§ TASK INSTRUCTIONS:
Print the whole listing exactly as it appears, but skip the pictures.

§ EXTRACTED ENTRIES:
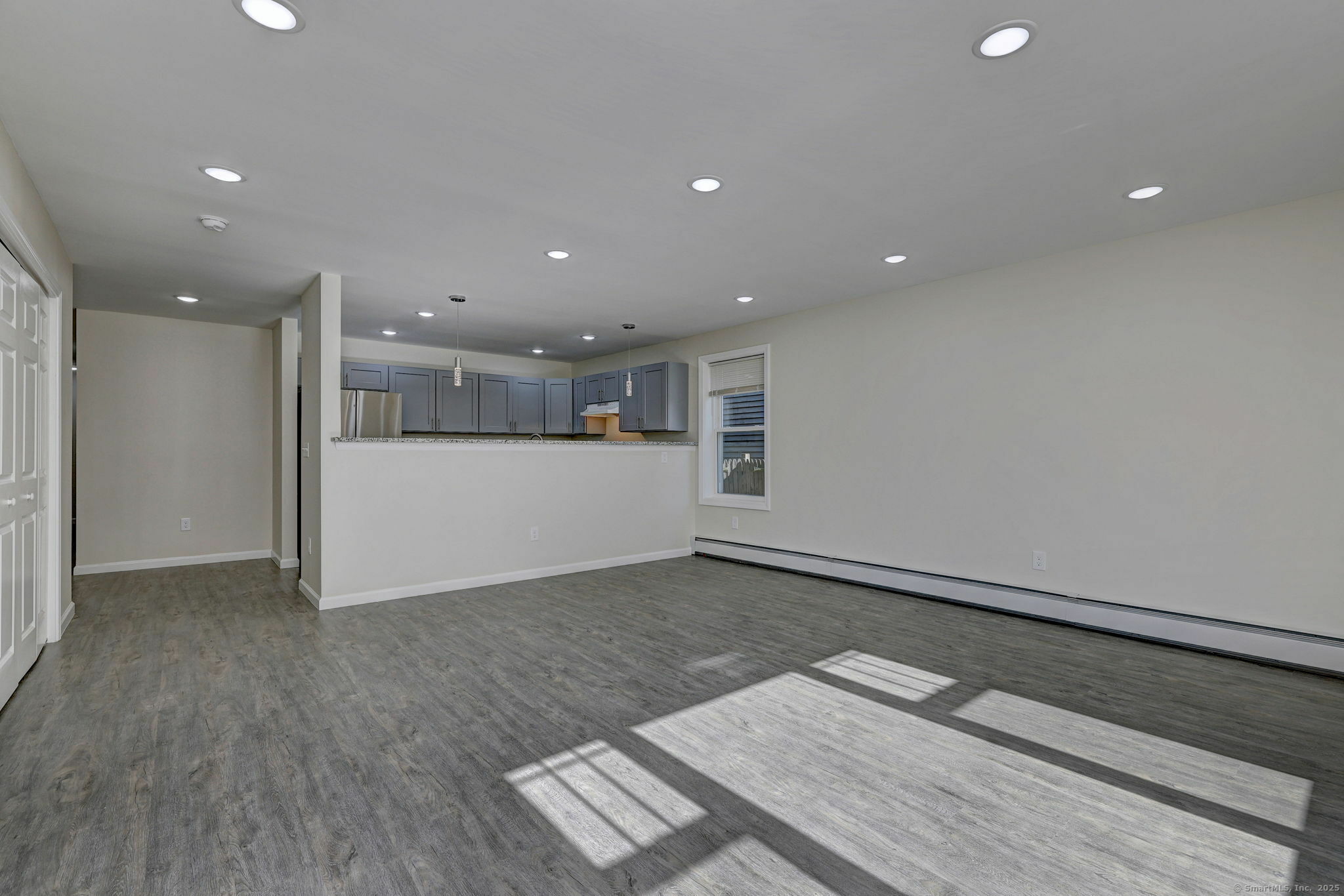 Property Photo:  90-92 Mather Street  CT 06120 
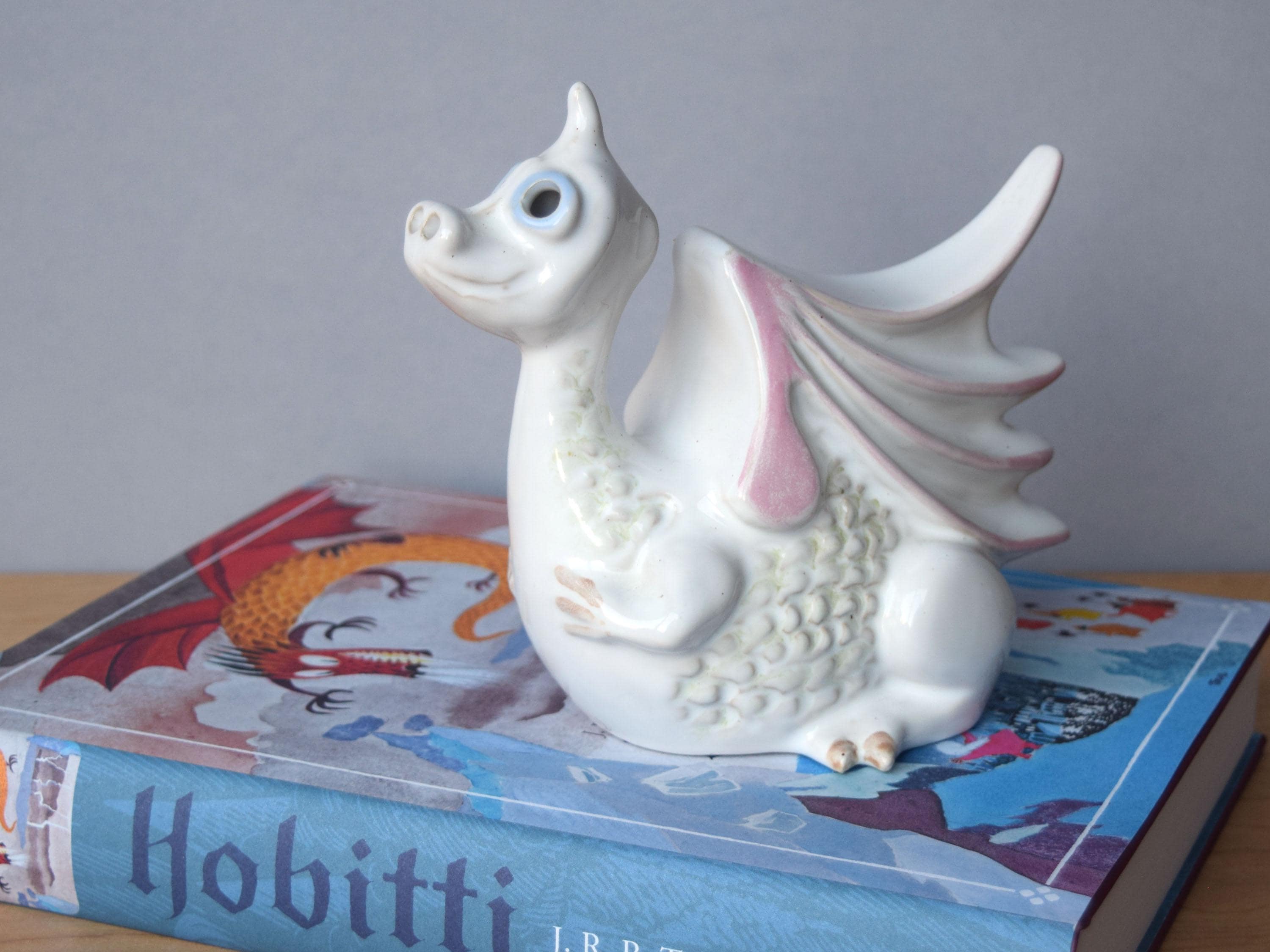 White dragon pottery - Etsy 日本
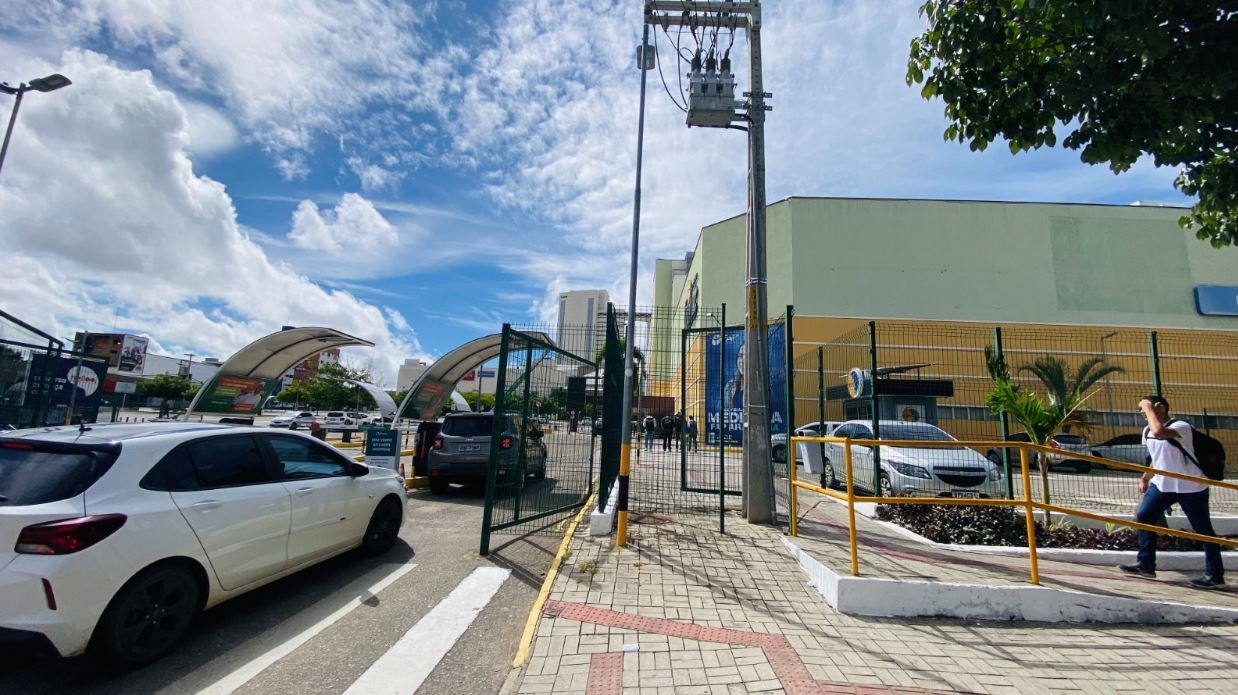 Ladrões roubam homem com malote de R$ 50 mil no estacionamento de shopping no interior do Ceará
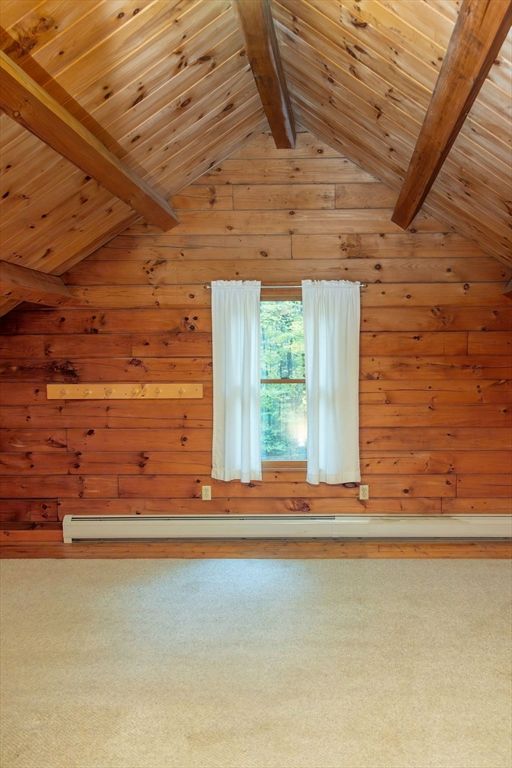 Empty room, Interior, Wooden Beams, Wooden Ceilings, Wooden Walls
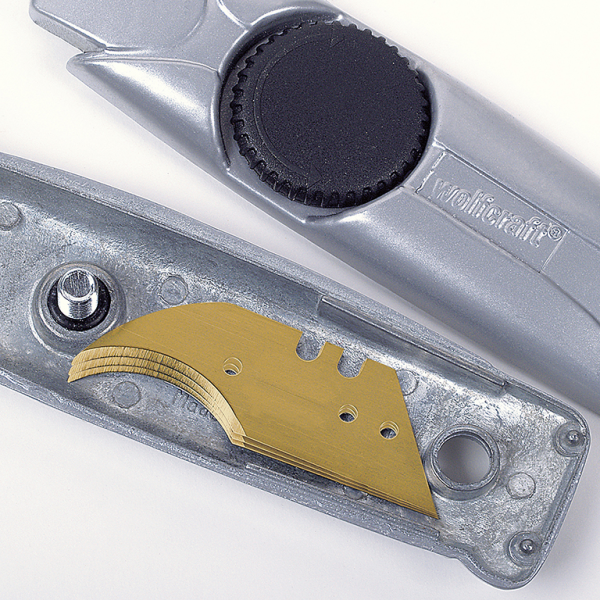 Нож макетен Wolfcraft метален с 3 резервни остриета 19 мм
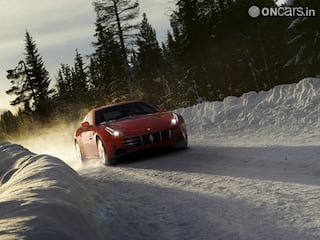 Ferrari FF and iPad Mini: A match made in fanboys' heaven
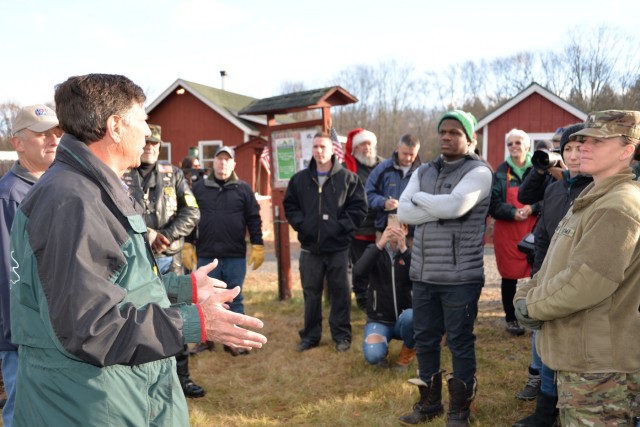 New York National Guard Soldiers help deliver Trees for Troops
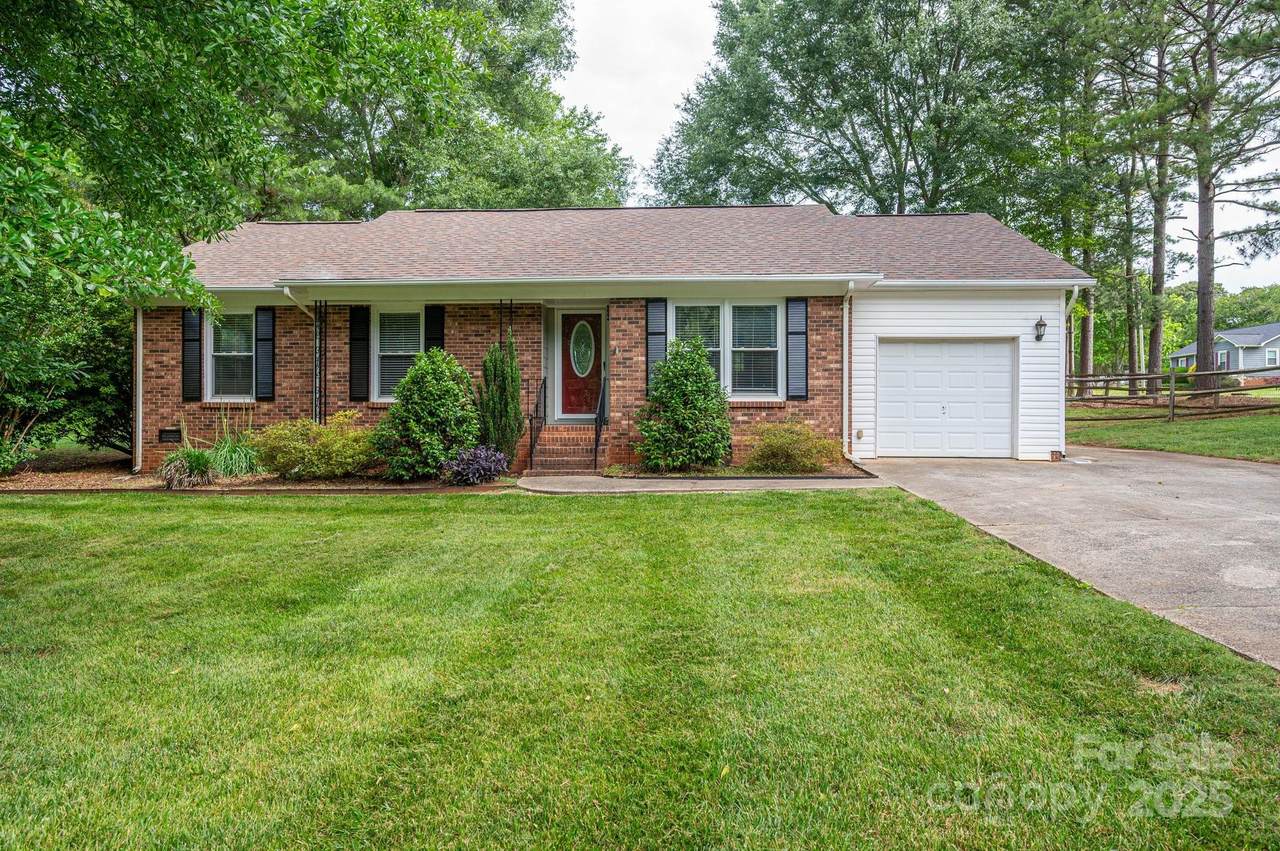 2418 Live Oak Court - Photo 1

§ RESPONSE TO THE EXERCISE:
 Property Photo:  90-92 Mather Street  CT 06120 
 White dragon pottery - Etsy 日本
 Ladrões roubam homem com malote de R$ 50 mil no estacionamento de shopping no interior do Ceará
 Empty room, Interior, Wooden Beams, Wooden Ceilings, Wooden Walls
 Нож макетен Wolfcraft метален с 3 резервни остриета 19 мм
 Ferrari FF and iPad Mini: A match made in fanboys' heaven
 New York National Guard Soldiers help deliver Trees for Troops
 2418 Live Oak Court - Photo 1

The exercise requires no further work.